Certains messages déposés dans un centre d’archives ou Internet comme une bouteille à la mer finissent par trouver leur destinataire

Pierre Desreumaux
Carte de presse de Pierre Desreumaux

Alors que je cherchais tout autre chose, est apparue une étrange fiche.

Elle avait pour titre « Souvenirs d’un localier des années 1950 ». Son auteur, Pierre Desreumaux, habitait au n° 9, avenue de la Liberté, à Mons-en-Barœul. Il y évoque sa carrière :

Le n° 9, avenue de la Liberté

 « En vaillant petit soldat, je me suis engagé dans la grande armée des journalistes professionnels le 1er février 1949. J’allais avoir 19 ans. » Si Pierre Desreumeaux est toujours vivant cela lui ferait aujourd’hui 94 ans. Un bel âge ! Je me suis rendu avenue de la Liberté pour photographier sa maison. Mais là-bas, plus personne ne se souvient de lui. Sur Internet, rien de plus ! Reste son autobiographie pressée !

Les parents de Pierre Desreumaux étaient trop pauvres pour lui payer les frais d’une école de journalisme.

Qu’importe, le jeune homme entend suivre le chemin de Simenon, son écrivain préféré : « J’ai découvert ses premiers pas dans la profession à Liège.
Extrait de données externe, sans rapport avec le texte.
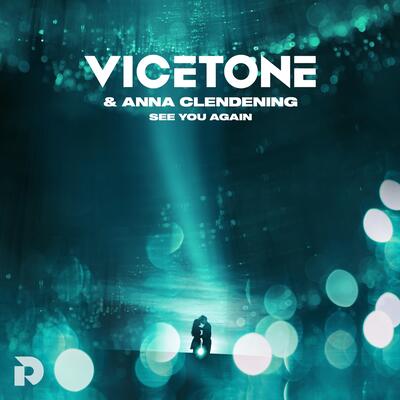 See You Again歌词 - Vicetone / Anna Clendening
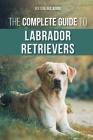 The Complete Guide to Labrador Retrievers: Selecting, Raising, Training, Feeding, and Loving Your New Lab from Puppy to Old-Age Cover Image
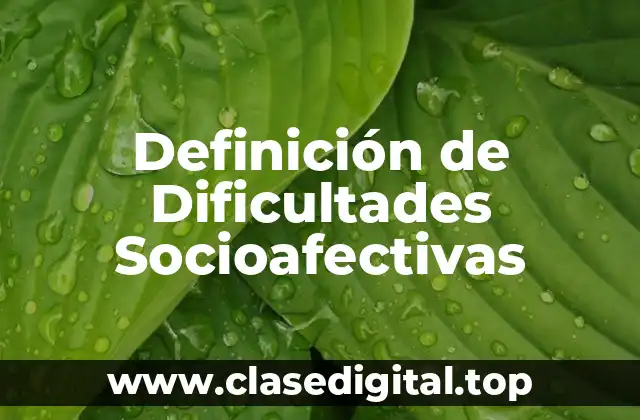 Definición de Dificultades Socioafectivas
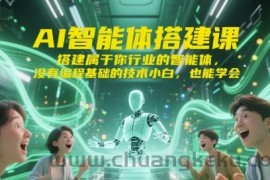 AI智能体搭建课，搭建属于你行业的智能体，没有编程基础的技术小白，也能学会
Je me devais de l’imiter », Ses débuts sont « laborieux » : « Chaque soir, après huit heures passées dans un bureau d’une entreprise textile, j’appuyais sur les pédales de « mon vieux clou ». Il s’agissait de rallier les mairies de Mons-en-Barœul, de Marcq ou de la Madeleine pour rafler au passage les communiqués municipaux, les avis des sociétés, les listes d’Etat-civil, etc. Un travail bien peu glorieux qui ressemblait à celui d’un facteur, mais à l’envers. » 

Pierre Desreumaux travaille bientôt pour « La Croix du Nord », rue d’Angleterre, à Lille :

40 000 exemplaires diffusés, à Lille, Cambrai et Arras. « Ma tâche consistait à suivre les assemblées générales des sociétés locales, les cérémonies officielles qu’elles soient religieuses ou civiles, les manifestations syndicales et les défilés militaires, ratisser tout ce qui faisait la vie de tous les jours, sans oublier les accidents, les délits et les incendies piqués dans les procès-verbaux des policiers et des gendarmes ». Le travail de « localier », dans les années 1950-1960, n’a rien d’une sinécure :

Pierre Desreumaux
Dans les années 1950 les journalistes affectionnaient le Rolleiflex.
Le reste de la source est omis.